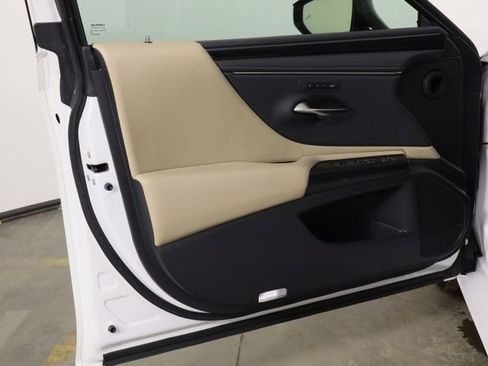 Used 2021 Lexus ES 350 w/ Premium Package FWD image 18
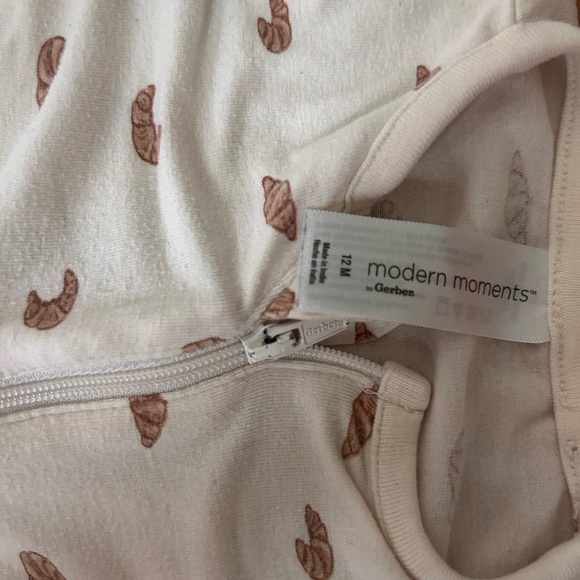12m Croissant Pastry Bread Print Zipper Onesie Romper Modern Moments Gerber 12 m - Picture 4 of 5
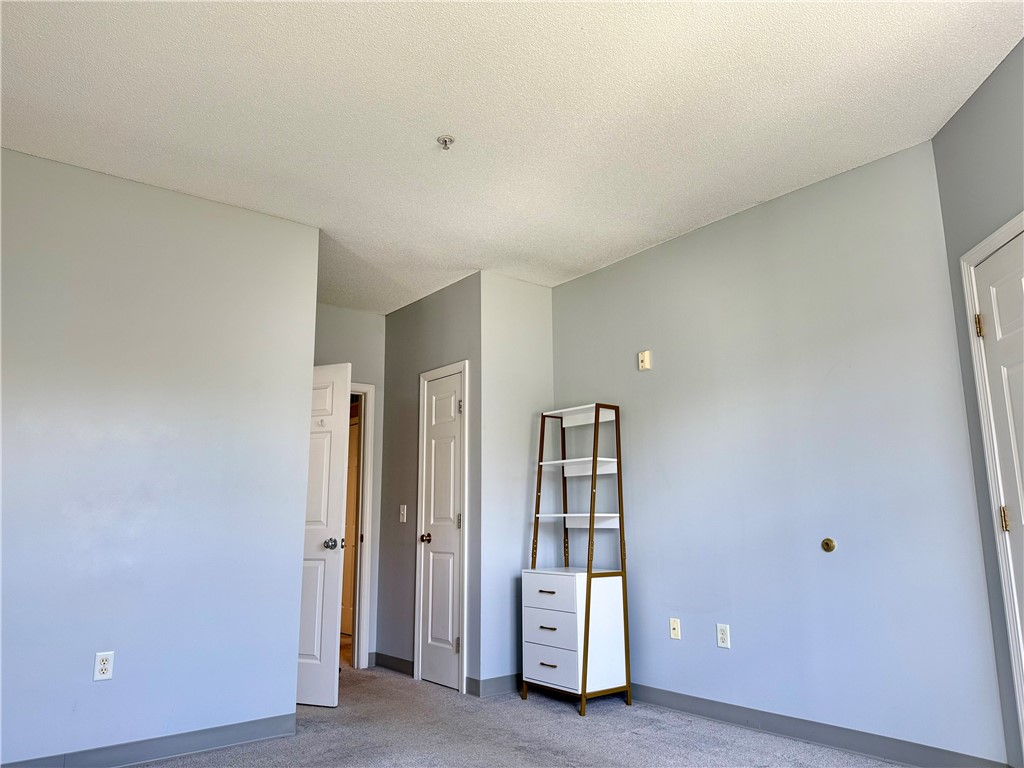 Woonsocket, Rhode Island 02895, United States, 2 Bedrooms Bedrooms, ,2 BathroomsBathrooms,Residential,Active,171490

--

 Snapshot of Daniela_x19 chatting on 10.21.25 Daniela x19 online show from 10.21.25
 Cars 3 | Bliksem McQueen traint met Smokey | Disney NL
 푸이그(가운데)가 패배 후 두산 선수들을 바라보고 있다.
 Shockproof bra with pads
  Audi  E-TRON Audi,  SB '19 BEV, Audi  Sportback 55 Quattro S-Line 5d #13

---

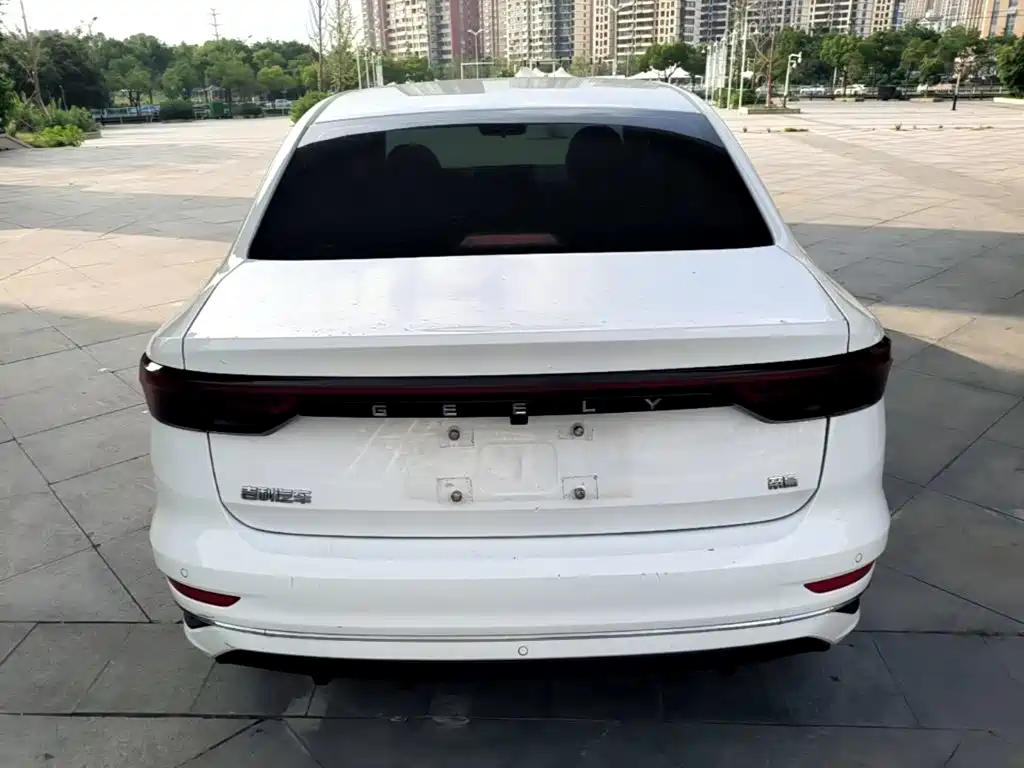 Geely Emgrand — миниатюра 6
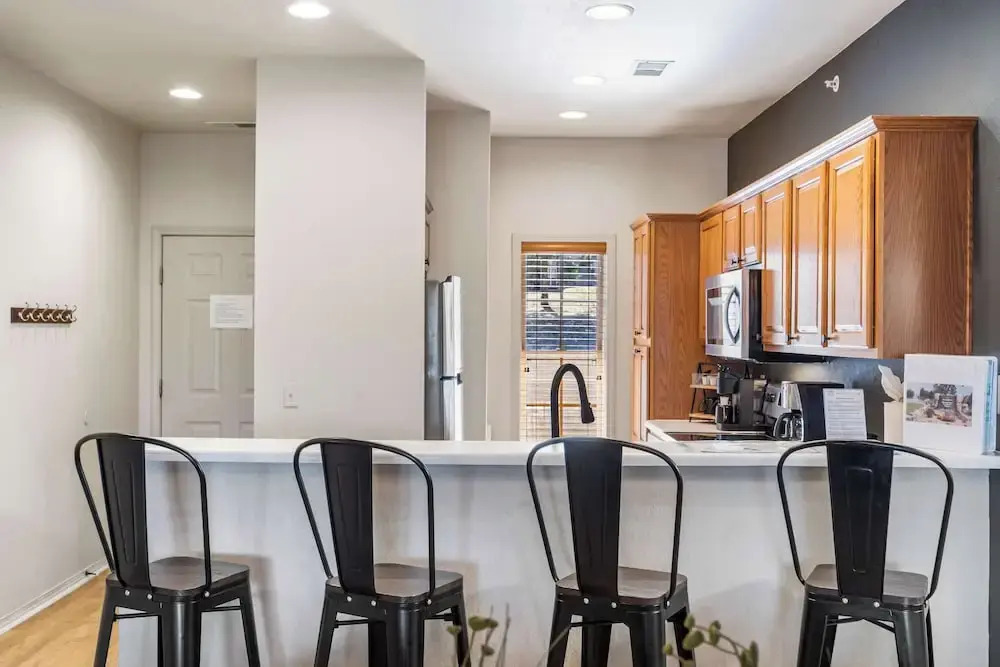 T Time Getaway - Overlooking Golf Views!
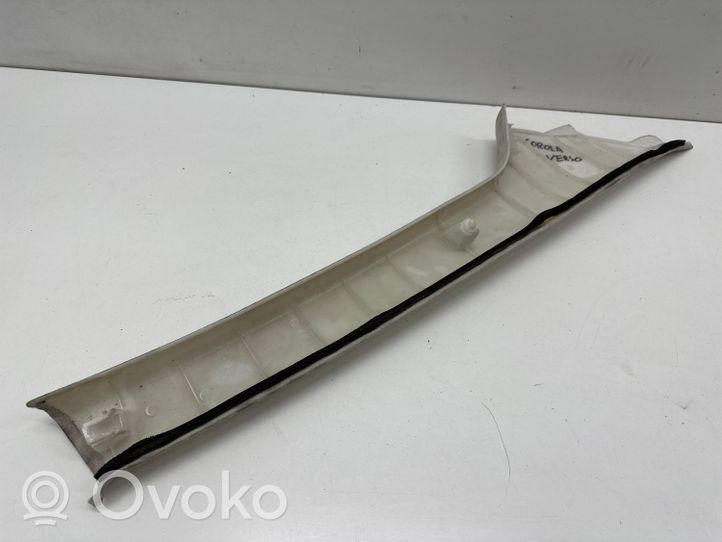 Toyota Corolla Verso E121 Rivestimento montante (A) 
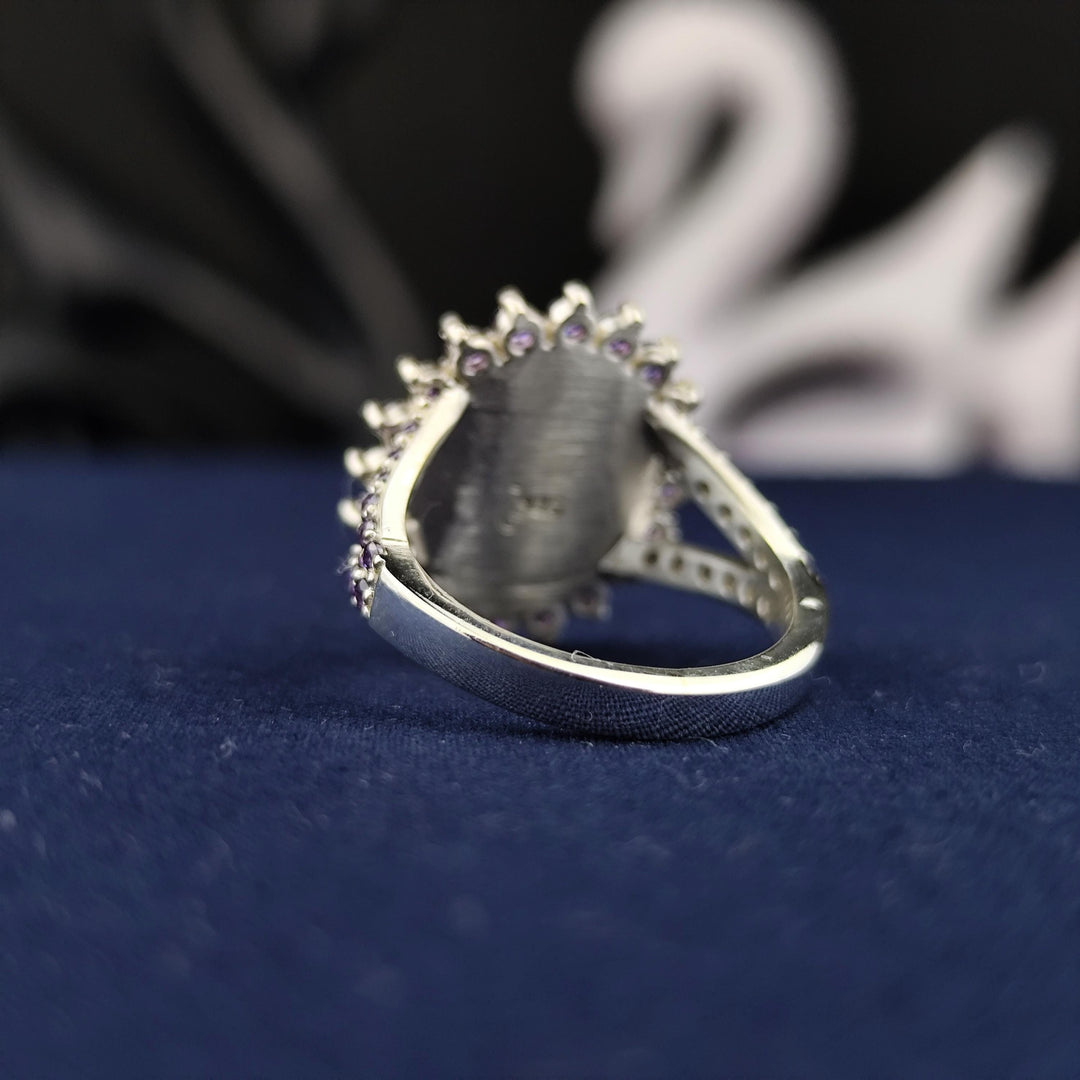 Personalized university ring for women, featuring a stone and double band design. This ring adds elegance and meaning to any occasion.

* WHAT YOU NEED TO DO
An exact copy of the lines above from the one with "Used 2021 Lexus" up to and including the one with "Woonsocket, Rhode Island" is required; reproduce only those lines, omitting all pictures.

* EXERCISE OUTPUT
 Used 2021 Lexus ES 350 w/ Premium Package FWD image 18
12m Croissant Pastry Bread Print Zipper Onesie Romper Modern Moments Gerber 12 m - Picture 4 of 5
 Woonsocket, Rhode Island 02895, United States, 2 Bedrooms Bedrooms, ,2 BathroomsBathrooms,Residential,Active,171490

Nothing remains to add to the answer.